I see them all the time on Craigslist/Kijiji...


----------



## GuitarsCanada (Dec 30, 2005)

DOS is now Carparelli guitars. He changed the name after a few years. Korean made with a ton of different designs. Not much resale value


----------



## TubeStack (Jul 16, 2009)

Wow, that was fast! Thanks for the quick info.What was behind the Dot On Shaft name? Kind of a bizarre handle for a guitar....


----------



## mhammer (Nov 30, 2007)

I never understood that one either.


----------



## Diablo (Dec 20, 2007)

Awful name.Ya, there's been a few fanboys on this site, but 3 months later they're trying to sell them off.Never played one personally, not crazy about the esthetics of most of them, and I think at one point they tried to pass themselves off as a CAnadian guitar company, which IMO is in bad taste.


----------



## GuitarsCanada (Dec 30, 2005)

He explained it as some kind of quasi spiritual thing that clearly meant far more to him than the guitar buying public


----------



## Samsquantch (Mar 5, 2009)

They had a shop in Barrie but it didn't last too long.

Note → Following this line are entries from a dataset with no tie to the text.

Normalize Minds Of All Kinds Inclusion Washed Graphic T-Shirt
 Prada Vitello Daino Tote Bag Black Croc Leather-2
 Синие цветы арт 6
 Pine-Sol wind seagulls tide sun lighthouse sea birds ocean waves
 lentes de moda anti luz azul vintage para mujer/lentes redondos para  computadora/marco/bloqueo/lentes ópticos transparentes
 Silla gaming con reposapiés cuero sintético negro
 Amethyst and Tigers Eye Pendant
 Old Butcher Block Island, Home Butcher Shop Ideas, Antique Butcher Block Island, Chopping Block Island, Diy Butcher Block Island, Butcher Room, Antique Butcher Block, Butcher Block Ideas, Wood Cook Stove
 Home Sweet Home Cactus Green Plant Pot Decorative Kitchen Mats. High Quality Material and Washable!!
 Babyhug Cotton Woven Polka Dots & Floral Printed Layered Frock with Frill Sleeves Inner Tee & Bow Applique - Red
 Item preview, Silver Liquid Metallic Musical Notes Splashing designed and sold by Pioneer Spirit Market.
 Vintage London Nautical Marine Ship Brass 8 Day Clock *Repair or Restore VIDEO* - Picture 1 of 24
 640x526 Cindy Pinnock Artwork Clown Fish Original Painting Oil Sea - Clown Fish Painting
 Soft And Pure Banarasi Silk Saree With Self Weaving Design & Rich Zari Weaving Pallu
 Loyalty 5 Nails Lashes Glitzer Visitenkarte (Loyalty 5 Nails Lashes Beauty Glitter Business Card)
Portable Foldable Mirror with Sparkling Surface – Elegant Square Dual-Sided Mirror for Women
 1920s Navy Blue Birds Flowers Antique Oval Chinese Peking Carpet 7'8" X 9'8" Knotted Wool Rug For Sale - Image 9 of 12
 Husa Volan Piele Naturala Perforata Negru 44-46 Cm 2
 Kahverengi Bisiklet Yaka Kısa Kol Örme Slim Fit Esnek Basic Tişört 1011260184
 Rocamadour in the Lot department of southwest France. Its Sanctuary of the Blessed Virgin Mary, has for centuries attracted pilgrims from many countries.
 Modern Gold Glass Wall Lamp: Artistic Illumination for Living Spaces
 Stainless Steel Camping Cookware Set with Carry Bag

The guitars were nothing special IMO. They list a couple of their Canadian dealers as 'Bolton's Menswear' and 'Gospel Text Bookstore'....WTF?


----------



## fraser (Feb 24, 2007)

GuitarsCanada said:


> He explained it as some kind of quasi spiritual thing that clearly meant far more to him than the guitar buying public


i remember that- i read the explanation someplace, but it was even more confusing than the name alone. made no sense to me at all.


----------



## smorgdonkey (Jun 23, 2008)

It still sounds like a condition that you need to see a doctor about. Definitely one of the worst brand names I've ever heard of.


----------



## Robert1950 (Jan 21, 2006)

http://carparelliguitars.com/main/component/option,com_frontpage/Itemid,1/

This is what the guy is doing now....


----------



## bagpipe (Sep 19, 2006)

I guess he got rid of those Dots on his Shaft?


----------



## TubeStack (Jul 16, 2009)

Lol! You guys are giving me some good laughs, thanks. It is the strangest name for a guitar (or any) brand I've ever heard. There's certainly plenty on the used market. Must be hard to move 'em because of the name alone.


----------